When life gets trying, or when the weather is simply awful, it’s always good to have a comfortable book to fall back on. If it introduces characters that later reappear in favourite books and is set in a long hot summer, even better. As you may have realised by now, I collect and love Angela Thirkell novels, and August Folly is one I have recently reread.
This is a pre war novel from Thirkell that was happily reprinted by Virago in 2014, making it easily available for a twenty first century reader. It forms an early instalment of the Barsetshire Chronicles, Thirkell’s sort of series of books describing the lives and loves of several families and institutions in the fictional county which takes in a large chunk of the mid twentieth century. In this volume attention is given to the Tebben family, with a rare insight (for Thirkell) into the married life of a successful female academic. Sadly, she is portrayed as over managing and fussy, but this book also includes a portrait of Betty, about to go to Oxford and keen to discover all she can about her chosen subject, saving the day at a later point. Richard is a recent graduate, lacking in self-confidence, who discovers the divine Mrs Rachel Dean, mother to many children. He falls hopelessly in love, writing poems and hoping for the merest glimpse of his heroine. There is youth, romance and adventures of a donkey, a cat and a bull, all against the background of a play being put on in a barn.

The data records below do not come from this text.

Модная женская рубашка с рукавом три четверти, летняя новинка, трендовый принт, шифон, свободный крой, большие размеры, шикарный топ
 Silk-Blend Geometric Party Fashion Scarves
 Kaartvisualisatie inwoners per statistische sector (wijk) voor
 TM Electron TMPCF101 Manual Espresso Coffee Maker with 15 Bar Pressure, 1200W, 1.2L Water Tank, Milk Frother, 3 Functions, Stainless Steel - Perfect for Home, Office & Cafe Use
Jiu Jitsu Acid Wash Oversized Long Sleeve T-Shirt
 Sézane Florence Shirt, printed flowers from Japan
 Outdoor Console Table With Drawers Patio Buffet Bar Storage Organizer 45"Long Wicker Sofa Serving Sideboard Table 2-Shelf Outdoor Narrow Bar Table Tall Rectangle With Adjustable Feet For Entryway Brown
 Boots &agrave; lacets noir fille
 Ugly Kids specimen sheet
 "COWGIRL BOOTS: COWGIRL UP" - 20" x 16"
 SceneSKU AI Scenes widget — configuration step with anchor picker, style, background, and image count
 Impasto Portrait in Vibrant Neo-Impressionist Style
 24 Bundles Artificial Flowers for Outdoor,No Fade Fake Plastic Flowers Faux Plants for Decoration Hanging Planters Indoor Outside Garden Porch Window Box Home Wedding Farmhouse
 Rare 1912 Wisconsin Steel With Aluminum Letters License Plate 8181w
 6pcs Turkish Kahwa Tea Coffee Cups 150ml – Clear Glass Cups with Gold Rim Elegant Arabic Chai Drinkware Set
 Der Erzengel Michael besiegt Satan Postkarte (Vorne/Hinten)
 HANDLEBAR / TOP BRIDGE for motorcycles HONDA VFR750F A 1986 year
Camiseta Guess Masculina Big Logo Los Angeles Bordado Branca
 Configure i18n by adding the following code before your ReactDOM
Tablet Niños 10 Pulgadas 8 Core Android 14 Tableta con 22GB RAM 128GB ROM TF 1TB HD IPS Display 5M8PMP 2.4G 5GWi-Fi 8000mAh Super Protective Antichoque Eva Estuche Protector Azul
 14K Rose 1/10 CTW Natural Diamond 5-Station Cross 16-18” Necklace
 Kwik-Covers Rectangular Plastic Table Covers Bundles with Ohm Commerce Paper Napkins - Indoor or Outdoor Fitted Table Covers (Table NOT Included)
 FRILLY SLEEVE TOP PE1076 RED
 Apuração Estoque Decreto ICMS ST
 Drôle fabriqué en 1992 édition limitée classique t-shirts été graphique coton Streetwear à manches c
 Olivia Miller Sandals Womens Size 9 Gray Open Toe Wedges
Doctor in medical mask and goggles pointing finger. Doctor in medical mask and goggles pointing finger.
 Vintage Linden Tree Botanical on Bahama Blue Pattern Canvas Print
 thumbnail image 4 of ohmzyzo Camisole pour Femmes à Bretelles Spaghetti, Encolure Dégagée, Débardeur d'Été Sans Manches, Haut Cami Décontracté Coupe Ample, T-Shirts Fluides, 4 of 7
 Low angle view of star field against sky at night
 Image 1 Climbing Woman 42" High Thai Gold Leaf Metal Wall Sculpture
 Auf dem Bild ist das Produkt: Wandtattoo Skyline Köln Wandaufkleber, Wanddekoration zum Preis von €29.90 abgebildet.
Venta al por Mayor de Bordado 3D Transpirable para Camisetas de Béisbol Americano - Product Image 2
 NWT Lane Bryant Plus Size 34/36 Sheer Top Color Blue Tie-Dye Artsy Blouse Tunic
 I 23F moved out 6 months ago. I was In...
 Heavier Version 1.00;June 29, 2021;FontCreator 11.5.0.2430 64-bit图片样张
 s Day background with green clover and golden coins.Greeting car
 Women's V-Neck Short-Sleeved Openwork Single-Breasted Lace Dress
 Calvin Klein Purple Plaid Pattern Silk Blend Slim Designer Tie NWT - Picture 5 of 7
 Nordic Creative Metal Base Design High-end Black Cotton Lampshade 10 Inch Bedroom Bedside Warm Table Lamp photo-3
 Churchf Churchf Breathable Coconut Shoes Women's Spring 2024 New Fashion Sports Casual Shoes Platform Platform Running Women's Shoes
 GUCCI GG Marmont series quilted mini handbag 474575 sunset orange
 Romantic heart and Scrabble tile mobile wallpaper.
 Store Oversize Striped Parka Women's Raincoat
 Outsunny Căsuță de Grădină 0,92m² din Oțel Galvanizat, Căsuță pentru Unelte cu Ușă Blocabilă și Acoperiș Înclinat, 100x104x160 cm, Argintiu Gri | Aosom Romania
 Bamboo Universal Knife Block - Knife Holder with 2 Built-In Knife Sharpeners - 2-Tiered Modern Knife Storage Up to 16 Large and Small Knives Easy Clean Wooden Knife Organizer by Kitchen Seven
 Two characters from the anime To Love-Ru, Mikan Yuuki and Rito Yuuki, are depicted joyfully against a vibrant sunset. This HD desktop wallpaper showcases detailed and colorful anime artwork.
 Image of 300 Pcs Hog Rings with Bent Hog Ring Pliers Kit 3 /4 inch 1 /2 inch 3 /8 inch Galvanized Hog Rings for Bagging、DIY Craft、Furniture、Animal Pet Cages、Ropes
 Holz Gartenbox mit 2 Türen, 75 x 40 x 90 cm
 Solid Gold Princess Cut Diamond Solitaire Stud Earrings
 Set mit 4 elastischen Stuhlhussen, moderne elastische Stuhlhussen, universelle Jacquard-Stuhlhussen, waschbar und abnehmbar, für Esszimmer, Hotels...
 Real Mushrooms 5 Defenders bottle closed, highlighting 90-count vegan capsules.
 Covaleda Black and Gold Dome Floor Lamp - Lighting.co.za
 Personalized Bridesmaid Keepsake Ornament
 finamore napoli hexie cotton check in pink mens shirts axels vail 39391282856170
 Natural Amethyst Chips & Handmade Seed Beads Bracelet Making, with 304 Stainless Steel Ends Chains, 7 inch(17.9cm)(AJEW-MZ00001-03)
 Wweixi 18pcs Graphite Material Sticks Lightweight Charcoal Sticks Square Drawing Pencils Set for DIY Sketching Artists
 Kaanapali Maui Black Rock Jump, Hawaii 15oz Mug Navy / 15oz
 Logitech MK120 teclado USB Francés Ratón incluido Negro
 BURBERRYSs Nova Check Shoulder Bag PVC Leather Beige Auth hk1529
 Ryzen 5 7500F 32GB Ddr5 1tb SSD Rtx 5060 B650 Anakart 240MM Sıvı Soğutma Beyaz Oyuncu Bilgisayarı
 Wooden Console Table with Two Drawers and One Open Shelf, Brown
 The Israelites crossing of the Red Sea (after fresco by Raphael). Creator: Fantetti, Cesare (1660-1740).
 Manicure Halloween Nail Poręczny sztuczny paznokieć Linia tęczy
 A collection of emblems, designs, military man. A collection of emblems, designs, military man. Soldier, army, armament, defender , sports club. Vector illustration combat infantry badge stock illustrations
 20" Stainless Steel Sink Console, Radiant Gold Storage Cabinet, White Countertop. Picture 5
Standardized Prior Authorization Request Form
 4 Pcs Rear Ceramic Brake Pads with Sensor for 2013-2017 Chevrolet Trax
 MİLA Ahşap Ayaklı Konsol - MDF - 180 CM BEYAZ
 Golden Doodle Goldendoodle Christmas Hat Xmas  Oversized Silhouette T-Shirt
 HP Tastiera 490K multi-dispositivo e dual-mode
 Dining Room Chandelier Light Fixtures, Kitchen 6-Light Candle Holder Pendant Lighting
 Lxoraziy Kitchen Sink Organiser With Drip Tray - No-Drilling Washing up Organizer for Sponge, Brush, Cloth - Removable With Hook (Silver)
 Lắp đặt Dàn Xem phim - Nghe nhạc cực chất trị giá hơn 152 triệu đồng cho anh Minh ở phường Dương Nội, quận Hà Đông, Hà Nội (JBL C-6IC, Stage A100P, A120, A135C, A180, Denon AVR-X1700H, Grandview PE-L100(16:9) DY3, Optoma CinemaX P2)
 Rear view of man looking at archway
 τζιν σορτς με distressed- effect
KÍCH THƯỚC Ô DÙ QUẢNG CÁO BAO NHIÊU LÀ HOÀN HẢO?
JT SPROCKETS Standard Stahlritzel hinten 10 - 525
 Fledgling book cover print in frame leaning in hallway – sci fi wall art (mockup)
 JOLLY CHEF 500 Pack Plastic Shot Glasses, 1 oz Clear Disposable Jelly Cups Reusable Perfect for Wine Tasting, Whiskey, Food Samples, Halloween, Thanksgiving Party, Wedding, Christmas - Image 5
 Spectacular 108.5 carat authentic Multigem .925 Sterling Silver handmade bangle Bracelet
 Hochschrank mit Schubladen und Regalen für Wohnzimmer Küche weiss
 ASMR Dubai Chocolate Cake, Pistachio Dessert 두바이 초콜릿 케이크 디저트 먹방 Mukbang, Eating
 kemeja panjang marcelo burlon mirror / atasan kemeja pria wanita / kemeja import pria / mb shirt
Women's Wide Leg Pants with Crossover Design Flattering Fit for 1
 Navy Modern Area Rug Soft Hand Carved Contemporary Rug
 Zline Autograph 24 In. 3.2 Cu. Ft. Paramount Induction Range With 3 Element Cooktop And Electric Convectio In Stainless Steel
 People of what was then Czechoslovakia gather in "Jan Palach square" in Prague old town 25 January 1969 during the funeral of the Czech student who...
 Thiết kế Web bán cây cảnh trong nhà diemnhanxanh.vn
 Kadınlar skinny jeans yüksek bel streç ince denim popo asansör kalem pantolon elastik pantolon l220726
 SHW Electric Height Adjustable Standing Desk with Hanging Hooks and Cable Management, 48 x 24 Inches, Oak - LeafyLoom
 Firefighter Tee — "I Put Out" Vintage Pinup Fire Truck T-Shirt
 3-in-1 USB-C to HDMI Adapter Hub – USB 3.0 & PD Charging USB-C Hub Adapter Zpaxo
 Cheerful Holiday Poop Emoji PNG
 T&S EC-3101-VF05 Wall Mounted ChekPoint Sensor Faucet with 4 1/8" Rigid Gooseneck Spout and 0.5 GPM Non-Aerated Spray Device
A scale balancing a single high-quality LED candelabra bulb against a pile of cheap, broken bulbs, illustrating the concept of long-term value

This is not the strongest in the series of novels, but an enjoyable self-contained tale of country life which progresses predictably to its peaceful ending. There are no great character studies, no great crisis, and yet it rolls along so well, so amusingly that it is a pleasure to read. The characters are funny and well developed, each capable of being frustrating and interesting, more than one dimensional with even the most apparently confident having moments of self-doubt. Even the great drama of the life saving is really far more instinctive and funny than it is later reported.
This is not the sharpest, strongest novel in the series, but it equally does not include the snobbery and other negative elements of some of the later books. I enjoyed this gentle, unchallenging tale and found it a great comfort read of insight and fun set in a peaceful summer. It is not a substantial read, but a reassuringly paced novel of characters enjoying romance, food and amateur dramatics.